PALERMO – Se succede un fatto di cronaca alla Kalsa la probabilità che ci sia di mezzo un membro della famiglia Abbate è alta. Anzi, altissima. Nelle statistiche va aggiunto l’ultimo episodio. È un Abbate l’uomo che i carabinieri hanno fermato dopo che ha tentato di disfarsi, gettandola sotto una macchina, di una pistola sprovvista di matricola, completa di caricatore con due proiettili calibro 7,65 e pronta a sparare.
Si chiama Francesco Paolo Cinà, ha ventisei anni ed è nipote di Luigi Abbate (è figlio della sorella), boss storico, uno che di armi se ne intendeva a tal punto da guadagnarsi sul campo il soprannome di “Gino ‘u mitra”. La Kalsa è il loro regno. Mafia, droga, armi, estorsioni: nel curriculum nulla manca. Lunga la sfilza di precedenti anche per i fratelli di Gino, Pietro e Ottavio.
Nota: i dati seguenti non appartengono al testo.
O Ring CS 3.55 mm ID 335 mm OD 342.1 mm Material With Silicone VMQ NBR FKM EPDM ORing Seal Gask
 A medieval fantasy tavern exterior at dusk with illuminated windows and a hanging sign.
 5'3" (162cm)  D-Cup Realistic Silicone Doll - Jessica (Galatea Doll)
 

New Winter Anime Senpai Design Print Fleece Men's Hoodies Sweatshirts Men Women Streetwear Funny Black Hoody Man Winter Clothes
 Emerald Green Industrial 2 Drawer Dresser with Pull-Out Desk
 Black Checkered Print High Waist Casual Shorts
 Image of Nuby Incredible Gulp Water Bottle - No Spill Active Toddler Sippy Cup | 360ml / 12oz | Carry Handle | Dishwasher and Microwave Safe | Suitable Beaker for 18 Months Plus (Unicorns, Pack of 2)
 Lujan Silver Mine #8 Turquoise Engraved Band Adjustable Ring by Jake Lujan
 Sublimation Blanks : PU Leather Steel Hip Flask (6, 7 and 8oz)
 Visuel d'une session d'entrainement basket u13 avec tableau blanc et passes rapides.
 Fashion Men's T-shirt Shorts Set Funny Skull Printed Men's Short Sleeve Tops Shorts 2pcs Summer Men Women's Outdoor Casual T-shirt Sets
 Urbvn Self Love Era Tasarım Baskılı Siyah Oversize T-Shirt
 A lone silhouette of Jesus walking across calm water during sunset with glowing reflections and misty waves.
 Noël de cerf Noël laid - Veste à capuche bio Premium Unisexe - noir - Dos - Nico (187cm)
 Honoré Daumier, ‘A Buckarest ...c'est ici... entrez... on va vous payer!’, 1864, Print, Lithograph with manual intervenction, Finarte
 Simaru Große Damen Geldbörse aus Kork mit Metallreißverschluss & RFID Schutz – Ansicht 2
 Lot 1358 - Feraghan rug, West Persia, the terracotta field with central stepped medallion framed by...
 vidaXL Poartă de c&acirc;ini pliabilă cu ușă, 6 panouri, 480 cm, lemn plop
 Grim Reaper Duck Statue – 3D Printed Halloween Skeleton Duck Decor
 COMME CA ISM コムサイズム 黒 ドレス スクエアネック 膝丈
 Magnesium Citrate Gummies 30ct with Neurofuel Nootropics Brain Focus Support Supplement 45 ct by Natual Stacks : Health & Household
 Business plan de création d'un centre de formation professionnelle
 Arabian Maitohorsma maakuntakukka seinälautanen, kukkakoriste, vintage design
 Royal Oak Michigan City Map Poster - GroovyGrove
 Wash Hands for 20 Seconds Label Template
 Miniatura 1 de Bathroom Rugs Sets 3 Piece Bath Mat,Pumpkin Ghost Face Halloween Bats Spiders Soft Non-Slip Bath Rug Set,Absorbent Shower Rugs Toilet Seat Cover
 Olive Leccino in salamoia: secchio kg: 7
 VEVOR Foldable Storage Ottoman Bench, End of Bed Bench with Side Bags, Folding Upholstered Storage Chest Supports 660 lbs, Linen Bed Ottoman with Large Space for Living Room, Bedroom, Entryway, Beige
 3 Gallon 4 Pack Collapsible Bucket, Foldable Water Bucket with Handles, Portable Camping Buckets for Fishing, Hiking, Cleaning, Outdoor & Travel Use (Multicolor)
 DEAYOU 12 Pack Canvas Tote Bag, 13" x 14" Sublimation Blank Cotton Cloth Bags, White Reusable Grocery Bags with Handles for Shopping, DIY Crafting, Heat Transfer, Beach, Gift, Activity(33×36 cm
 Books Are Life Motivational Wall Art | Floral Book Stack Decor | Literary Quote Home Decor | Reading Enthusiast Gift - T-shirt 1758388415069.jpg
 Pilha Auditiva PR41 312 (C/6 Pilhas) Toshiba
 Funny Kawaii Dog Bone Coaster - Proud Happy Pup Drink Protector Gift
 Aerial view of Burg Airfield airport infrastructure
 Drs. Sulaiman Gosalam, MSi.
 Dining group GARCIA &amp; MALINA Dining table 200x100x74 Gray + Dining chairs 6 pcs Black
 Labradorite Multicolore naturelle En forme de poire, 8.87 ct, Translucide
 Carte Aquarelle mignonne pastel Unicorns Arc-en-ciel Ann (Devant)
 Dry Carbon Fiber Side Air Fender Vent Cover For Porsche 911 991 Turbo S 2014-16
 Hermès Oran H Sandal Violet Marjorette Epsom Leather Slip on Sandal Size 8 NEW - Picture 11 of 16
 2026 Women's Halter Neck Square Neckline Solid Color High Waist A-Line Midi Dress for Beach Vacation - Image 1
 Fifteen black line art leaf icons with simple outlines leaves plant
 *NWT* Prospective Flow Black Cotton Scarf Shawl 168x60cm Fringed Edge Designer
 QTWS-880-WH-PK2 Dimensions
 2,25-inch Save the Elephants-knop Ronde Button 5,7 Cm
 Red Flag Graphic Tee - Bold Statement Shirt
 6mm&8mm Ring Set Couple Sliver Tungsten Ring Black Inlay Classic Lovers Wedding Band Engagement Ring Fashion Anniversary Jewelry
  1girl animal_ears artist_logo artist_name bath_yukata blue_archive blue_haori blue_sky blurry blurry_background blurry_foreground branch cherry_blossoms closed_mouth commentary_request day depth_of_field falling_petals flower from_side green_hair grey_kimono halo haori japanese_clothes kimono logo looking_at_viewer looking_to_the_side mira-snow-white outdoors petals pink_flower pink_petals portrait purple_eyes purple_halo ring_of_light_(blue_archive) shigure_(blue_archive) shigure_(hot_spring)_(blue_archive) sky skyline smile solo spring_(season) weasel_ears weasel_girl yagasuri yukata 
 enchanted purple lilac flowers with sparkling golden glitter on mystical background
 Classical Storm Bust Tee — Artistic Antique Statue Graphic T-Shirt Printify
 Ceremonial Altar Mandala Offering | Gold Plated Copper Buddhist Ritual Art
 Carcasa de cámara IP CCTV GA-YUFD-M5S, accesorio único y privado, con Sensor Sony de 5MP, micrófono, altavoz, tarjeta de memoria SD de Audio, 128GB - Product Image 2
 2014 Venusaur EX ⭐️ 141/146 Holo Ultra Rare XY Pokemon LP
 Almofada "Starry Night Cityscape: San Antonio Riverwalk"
Anche i nipoti hanno avuto i loro guai giudiziari. Su tutti Antonino Abbate che è stato reggente della famiglia di Borgo Vecchio, altra zona su cui hanno esteso il loro potere, ed è imputato per l’omicidio dell’avvocato Enzo Fragalà. Ed è proprio nel corso di un’udienza di questo processo che andò in scena un siparietto.
“Non sei nessuno”, disse Antonino Abbate all’agente di polizia penitenziaria che lo invitava a cambiare cella. Il boss del Borgo Vecchio rincarava la dose: “Scendi dal piedistallo. Non sei nessuno, io posso permettermi di annacarmi perché ho la patente per annacarmi e se mi sposto è perché mi voglio spostare io e non perché me lo dici tu”.